Opinion
May 9, 1988
Appeal from the Supreme Court, Westchester County (Silberman, J.H.O.).
Ordered that the judgment is affirmed, with costs.
The parties own neighboring residential lots in North Tarrytown. The houses on the lots are separated by an alley less than six feet wide. Behind the alley and the houses are the respective backyards. From 1956 to 1985 a wire fence, erected by the defendants' predecessors-in-title, stood in the backyard behind the defendants' house, slightly on the defendants' side of the mutual property line. The fence did not extend into the alley. In 1985, the defendants replaced the old wire fence with a new fence. The defendants extended the new fence through the alley, creating two corridors which provide separate access to the backyards.
The plaintiffs claim that the portion of the fence in the alley interferes with a prescriptive easement they obtained in the alley. They also claim that the portion of the fence in the rear yard is on property to which they acquired title by adverse possession.
The plaintiffs must meet a high standard of proof to establish adverse possession and an easement by prescription (see, Rusoff v Engel, 89 A.D.2d 587; Battista v Pine Is. Park Assn., 28 A.D.2d 714, 715).
To acquire an easement by prescription, the use must be adverse, open and notorious, continuous, and uninterrupted for the requisite time period. An open, notorious, uninterrupted and undisputed use of a right-of-way is presumed to be adverse or hostile and casts the burden on the owner of the servient tenement to show that the use was by license (Di Leo v Pecksto Holding Corp., 304 N.Y. 505; Susquehanna Realty Corp. v Barth, 108 A.D.2d 909).
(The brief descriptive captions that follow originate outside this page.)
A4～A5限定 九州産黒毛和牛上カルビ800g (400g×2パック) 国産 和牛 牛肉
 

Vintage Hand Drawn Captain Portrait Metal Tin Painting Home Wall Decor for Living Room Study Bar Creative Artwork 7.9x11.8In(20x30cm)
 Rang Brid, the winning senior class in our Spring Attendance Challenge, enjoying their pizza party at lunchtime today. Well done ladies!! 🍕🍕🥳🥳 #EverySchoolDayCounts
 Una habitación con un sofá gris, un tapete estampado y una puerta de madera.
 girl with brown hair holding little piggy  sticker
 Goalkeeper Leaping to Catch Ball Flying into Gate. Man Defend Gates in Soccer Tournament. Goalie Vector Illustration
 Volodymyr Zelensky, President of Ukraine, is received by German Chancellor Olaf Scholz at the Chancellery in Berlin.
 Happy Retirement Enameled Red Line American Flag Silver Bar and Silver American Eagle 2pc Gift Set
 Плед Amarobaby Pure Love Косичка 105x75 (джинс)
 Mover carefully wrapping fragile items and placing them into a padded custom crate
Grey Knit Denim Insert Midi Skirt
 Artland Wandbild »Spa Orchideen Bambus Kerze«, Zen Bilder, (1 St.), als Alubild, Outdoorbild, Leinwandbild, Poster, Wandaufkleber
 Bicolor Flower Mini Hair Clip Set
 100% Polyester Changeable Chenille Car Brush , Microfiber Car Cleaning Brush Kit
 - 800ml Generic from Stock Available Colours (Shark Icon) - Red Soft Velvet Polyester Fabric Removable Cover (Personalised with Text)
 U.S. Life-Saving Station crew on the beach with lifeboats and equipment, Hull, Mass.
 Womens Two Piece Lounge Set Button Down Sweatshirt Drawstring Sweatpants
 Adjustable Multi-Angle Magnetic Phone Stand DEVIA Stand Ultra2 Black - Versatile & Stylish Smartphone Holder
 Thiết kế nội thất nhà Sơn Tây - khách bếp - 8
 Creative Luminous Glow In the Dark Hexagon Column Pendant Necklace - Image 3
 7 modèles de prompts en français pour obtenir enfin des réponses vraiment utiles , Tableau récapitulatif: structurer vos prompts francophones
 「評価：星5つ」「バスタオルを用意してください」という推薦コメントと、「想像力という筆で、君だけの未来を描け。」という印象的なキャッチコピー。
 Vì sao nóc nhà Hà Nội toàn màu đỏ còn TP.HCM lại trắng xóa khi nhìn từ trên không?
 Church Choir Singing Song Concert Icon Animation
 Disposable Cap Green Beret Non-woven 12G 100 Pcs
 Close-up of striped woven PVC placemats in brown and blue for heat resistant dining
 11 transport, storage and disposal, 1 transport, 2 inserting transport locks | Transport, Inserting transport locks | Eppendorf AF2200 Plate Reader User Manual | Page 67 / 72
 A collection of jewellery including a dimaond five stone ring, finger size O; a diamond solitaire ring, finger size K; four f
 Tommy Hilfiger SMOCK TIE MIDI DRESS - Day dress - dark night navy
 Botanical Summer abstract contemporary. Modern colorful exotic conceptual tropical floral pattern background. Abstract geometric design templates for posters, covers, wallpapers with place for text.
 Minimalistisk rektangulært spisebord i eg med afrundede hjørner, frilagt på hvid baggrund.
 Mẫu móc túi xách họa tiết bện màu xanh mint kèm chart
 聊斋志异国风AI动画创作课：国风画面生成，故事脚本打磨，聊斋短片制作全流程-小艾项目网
At bar, the plaintiffs' claims depend on tacking (the adding of the period of the plaintiffs' possession to that of their predecessor-in-title under whom they claim), but the proof at trial, especially the testimony of the plaintiffs' tenant who had lived on the premises for 20 years, established that the relationship of the plaintiffs' predecessor-in-title with the defendants and their predecessors-in-title was one of cooperation and neighborly accommodation. Such a relationship gives rise to an inference of permission in the use of the right-of-way (Susquehanna Realty Corp. v Barth, supra). Moreover, the inference of license is supported by the defendant Donald Caetano's testimony that the plaintiffs asked for and received his permission to use the alley for maintenance tasks. Because the defendants rebutted the presumption of hostility and because the plaintiffs did not provide direct proof of hostile use, we conclude that the plaintiffs have not carried their burden of establishing by clear and convincing evidence that they obtained a prescriptive easement (cf., Borruso v Morreale, 129 A.D.2d 604). In so finding, we do not rely on the objected-to testimony of the defendant Donald Caetano about his friendship with the plaintiffs' deceased predecessor-in-title, which, as the plaintiffs correctly contend, was improperly admitted (see, CPLR 4519; Richardson, Evidence § 402, at 389-390 [Prince 10th ed]).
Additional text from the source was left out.